Other than that, though, I am able to set aside judgement, for the most part, even if what I am reading isn't grabbing me. Oh, dear, Julie, I have set aside Three Men in a Boat, by Jerome K. Jerome. I know I will pick it up again, on vacation. I am taking it with me to water. Along with Barbara Pym, just in case.

Speaking of the duke who was speaking of his last duchess, while preparing to marry the next, in the mall today (where I had gone for Beer Nuts treats, including Insane Grain, to take to an upcoming poetry reading, coming up tomorrow, in fact, in a gallery in Arlington Heights, Illinois), and waiting for my daughter and her friend, who were looking for shorts and did not find any, I saw a man reading The Power Broker: Robert Moses and the Fall of New York, by Robert A. Caro. More men's history. Not unexpectedly about power. And the wish for it.

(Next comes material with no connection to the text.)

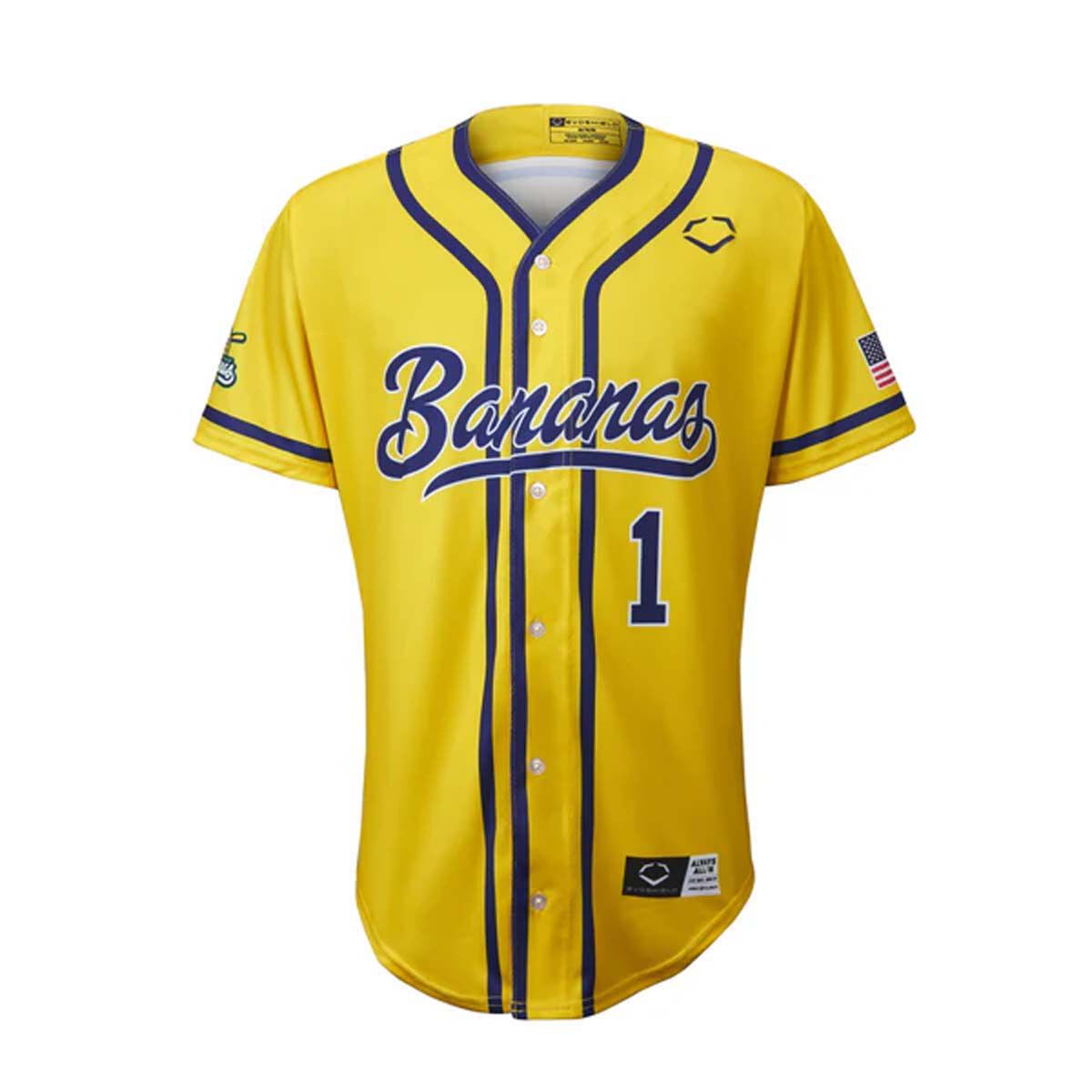 Evoshield Savannah Bananas Yellow Replica Jersey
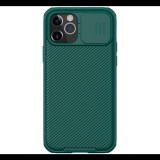 NILLKIN CAMSHIELD PRO műanyag telefonvédő (szilikon keret, közepesen ütésálló, kamera védelem, csíkos minta) SÖTÉTZÖLD [Apple iPhone 12 Pro] (5996591003801)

I observed him, imagined him waiting for his wife to shop, as might a character in The Wishbones, got interrupted in my imaginary history of this stranger in a St. Louis Cardinals shirt by a call from my daughter in a dressing room, and suddenly noticed he was up and walking ahead of his pregnant wife, who had no shopping bags. Where had she come from? He was walking very fast, and ahead and away from her. That was sad, until I realized she had nothing to do with him. Her real husband appeared. And the power broker was power walking the mall.

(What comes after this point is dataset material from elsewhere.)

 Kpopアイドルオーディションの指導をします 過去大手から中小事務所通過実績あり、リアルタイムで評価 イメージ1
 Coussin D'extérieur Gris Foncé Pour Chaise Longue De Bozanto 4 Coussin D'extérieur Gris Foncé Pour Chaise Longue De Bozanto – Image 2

And now, for some odd reason, I offer "Opal Innocence," a poem that seems unlikely to be published anywhere else but here, and seems both pertinent and off topic.

Opal Innocence

It keeps on blooming in the big green pot:
pink bonnet, fat white lip, yellow eye.

An ugly baby
if that’s what you pictured in the stroller

of line two. I can’t pretend
this is not a poem. We all know it is

unwise to hang on too long
to innocence. It’s a kind of arrested development

say fathers and psychologists
(also a favorite TV show, cancelled—

too smart, too quirky—
but we have it on DVD, because, yes!—

I grew up, my reproductive organs functioned,
and I have a family that watches TV….

Remember the ugly baby
episode on Seinfeld, the show about nothing?

Now, be kind. Consider the poem’s parenthetical emptiness
and what it might possibly mean.)

1 comment:

seana graham said...

It's funny, but I just came across Hoboes myself a few days ago, and am thinking I'm going to need to read it, as it fits in with a longer fictional piece I'm writing rather perfectly.